TASK DETAILS: Look below for the line containing "Toyota Aygo 1.0"; from there through the line containing "Sattelzugmaschine Scania S450", both lines included, please set down each line exactly and nothing else.

DATA IN THIS EXERCISE:
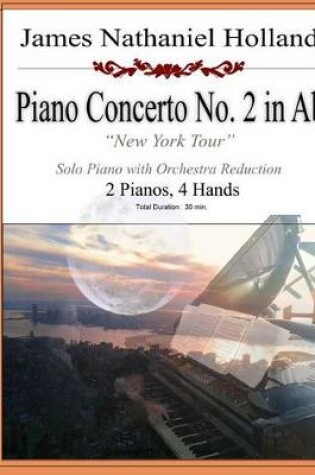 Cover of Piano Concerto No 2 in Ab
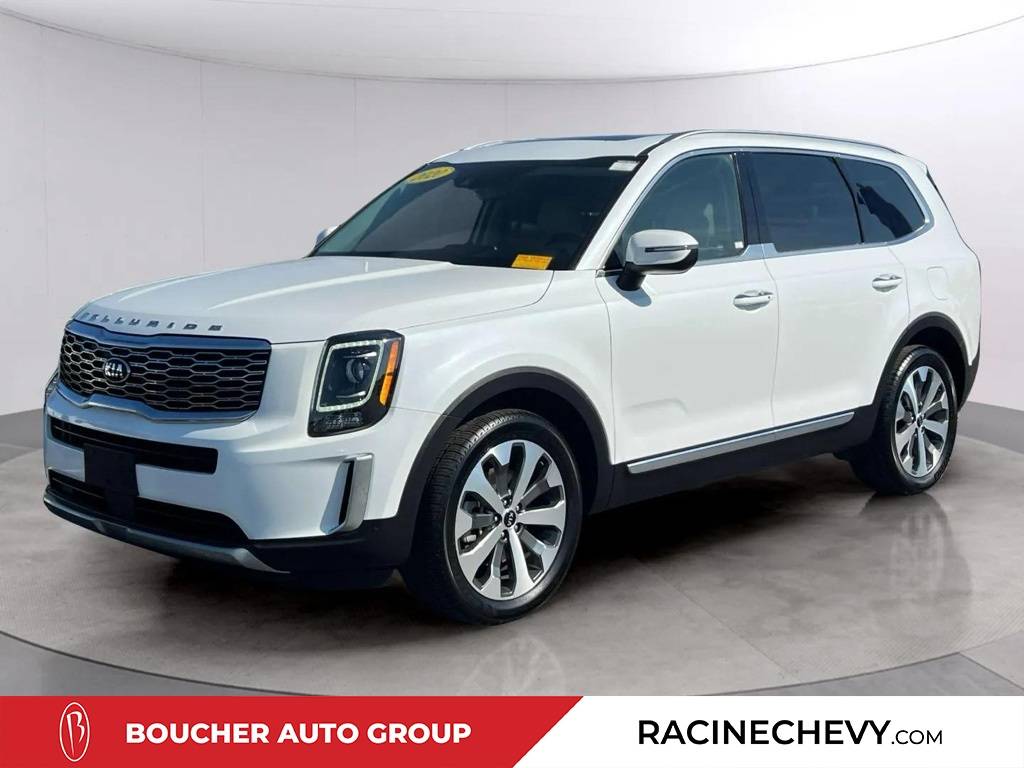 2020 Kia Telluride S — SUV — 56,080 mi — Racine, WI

---

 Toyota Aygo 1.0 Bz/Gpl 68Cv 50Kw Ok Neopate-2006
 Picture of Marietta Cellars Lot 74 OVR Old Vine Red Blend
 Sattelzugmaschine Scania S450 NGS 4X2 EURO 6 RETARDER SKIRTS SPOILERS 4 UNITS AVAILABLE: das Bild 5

* * *

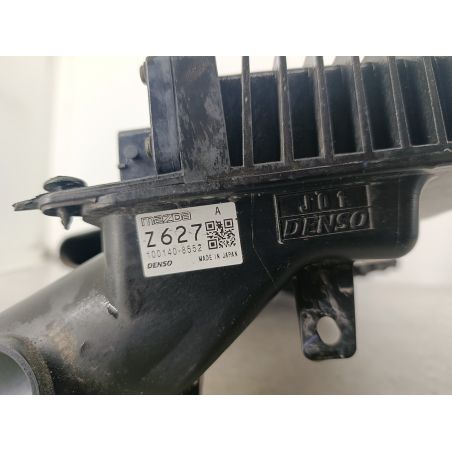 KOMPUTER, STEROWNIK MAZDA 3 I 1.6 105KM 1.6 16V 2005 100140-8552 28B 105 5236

RESULT OF THIS EXERCISE:
 Toyota Aygo 1.0 Bz/Gpl 68Cv 50Kw Ok Neopate-2006
 Picture of Marietta Cellars Lot 74 OVR Old Vine Red Blend
 Sattelzugmaschine Scania S450 NGS 4X2 EURO 6 RETARDER SKIRTS SPOILERS 4 UNITS AVAILABLE: das Bild 5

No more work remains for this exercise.